In a memorable scene from the history of philosophy, Socrates, awaiting execution, is visited by his wealthy friend, Crito, who offers to help him escape from prison and flee into exile. Despite the unjust charges against him, and the relative ease with which he could escape, Socrates refuses Crito’s offer, arguing that it is worse to commit injustice by violating the law than to suffer injustice oneself. It is better to maintain one’s own virtue, even if it means accepting an unjust outcome. Being a just person matters more than injustice generated by institutions. Indeed, for Socrates, it matters more than life itself.
Socrates’ uncompromising claim about virtue and justice has gone unheeded in our times.

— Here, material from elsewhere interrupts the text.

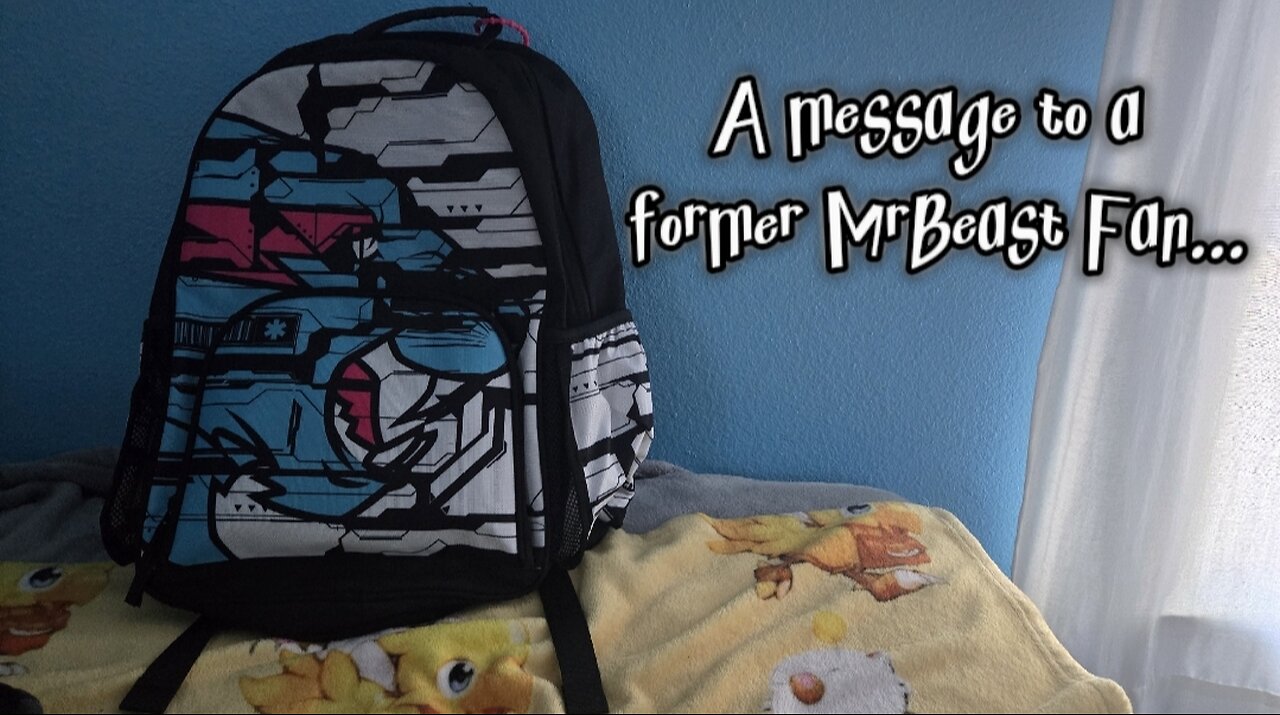 A Message to a former MrBeast Fan...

Instead, social justice dominates public discussion. As I understand it, social justice has at least three distinguishing features. First, social justice focuses primarily on the evaluation of institutions, not individual actions. Second, social justice is concerned with outcomes, rather than procedures. Third, the justice in social justice refers to fairness understood as equality—usually social or economic—not adherence to existing law. Taken together, then, social justice is a matter of making institutions fair, by righting the wrongs of social and economic inequalities.

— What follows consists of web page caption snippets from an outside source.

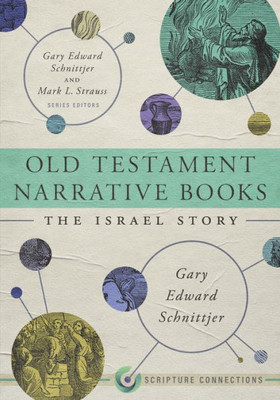 Old Testament Narrative Books: The Israel Story (Scripture Connections)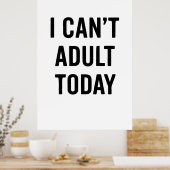 Grappig: ik kan vandaag niet volwassen worden poster (Keuken)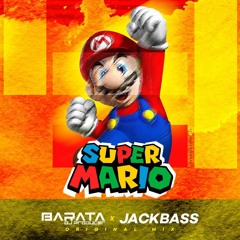 Dj Barata Ft JACKBASS - Super Mario (Original Mix)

Whether intentionally or not, social justice tends to destroy what in earlier ages was called natural justice. Natural justice refers to established institutional (legal) and interpersonal (social) norms for resolving conflict and maintaining order. Such is the shared inheritance of the system of English Common Law on which many beneficial legal systems rest. While social justice strives for ideally just institutions, natural justice is content with the justice that obtains approximately from one person in relation to another within a system that prevents mutual injury and induces cooperation. The rules of such a game matter more than who wins (or loses), which is why, all things considered, a just procedure is preferable to a just outcome. Lastly, what makes individual action just is adherence to law, to the rules of the game, not the fairness of an imagined alternative game, which realizes a more equal outcome.

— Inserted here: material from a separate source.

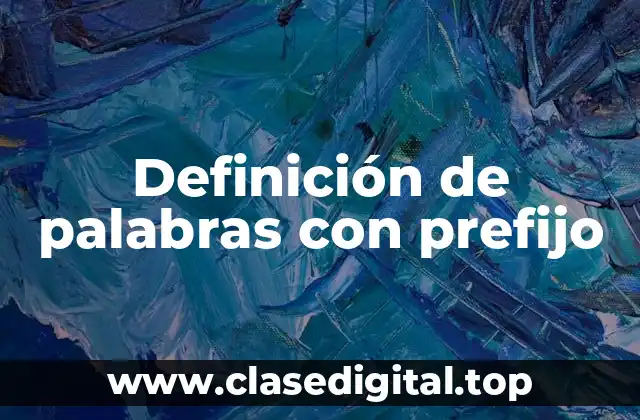 Definición de palabras con prefijo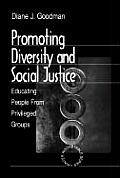 Promoting Diversity and Social Justice: Educating People from Privileged Groups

Natural justice has roots in ancient Greek ethics, particularly in Stoicism. Despite their influence on the natural law tradition, Stoics did not regard the justice of institutions as a centrally important ethical matter. On the contrary, the virtuous person was expected to resist the temptation of allowing institutional injustices to distract from the much more urgent matter of developing one’s character. Well-ordered lives come before the well-ordered society. Sometimes this invited the charge of quietism, especially when some Stoic philosophers, like the Roman Emperor, Marcus Aurelius, had the authority (though perhaps not the ability) to dismantle very great institutional injustices, such as slavery. If you have the correct theory of justice and the power to implement it—say the critics—then you must do so, no matter the cost.
Contemporary philosophers have mostly ignored the ancient emphasis on virtue and justice. Instead, they have followed John Rawls in putting forward theories of justice for what Rawls called “the basic structure of society,” that is, those institutions that assign basic rights and duties in a society and have a profound effect on our initial life chances. Rawls’s comprehensive and definitive treatment of the justice of institutions, A Theory of Justice (1971), lit a spark, generating several decades of scholarly reflections on justice that show no signs of stopping. After the social changes brought about by the 1960s, it is no accident that most of this scholarship has been egalitarian and social justice-oriented. Indeed, for Rawls, because natural and social advantages in a society were arbitrary from a moral point of view, inequalities stemming from them must be justified. Thus, equality became the moral baseline. What remained to discuss was not whether inequalities were unjust, but which inequalities mattered and what should be done about them. “Why equality?” became, as Amartya Sen puts it, “Equality of what?”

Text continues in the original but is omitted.